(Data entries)

= = = = = = =

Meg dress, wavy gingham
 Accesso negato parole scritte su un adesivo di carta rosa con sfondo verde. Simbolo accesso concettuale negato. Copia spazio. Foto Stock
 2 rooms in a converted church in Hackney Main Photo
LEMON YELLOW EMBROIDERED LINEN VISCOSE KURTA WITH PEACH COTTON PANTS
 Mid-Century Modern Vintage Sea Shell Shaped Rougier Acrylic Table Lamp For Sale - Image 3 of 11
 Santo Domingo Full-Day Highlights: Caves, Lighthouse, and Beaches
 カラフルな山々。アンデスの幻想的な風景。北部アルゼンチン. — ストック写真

= = = = = = =

Please print the records above exactly, leaving nothing out.

Meg dress, wavy gingham
 Accesso negato parole scritte su un adesivo di carta rosa con sfondo verde. Simbolo accesso concettuale negato. Copia spazio. Foto Stock
 2 rooms in a converted church in Hackney Main Photo
LEMON YELLOW EMBROIDERED LINEN VISCOSE KURTA WITH PEACH COTTON PANTS
 Mid-Century Modern Vintage Sea Shell Shaped Rougier Acrylic Table Lamp For Sale - Image 3 of 11
 Santo Domingo Full-Day Highlights: Caves, Lighthouse, and Beaches
 カラフルな山々。アンデスの幻想的な風景。北部アルゼンチン. — ストック写真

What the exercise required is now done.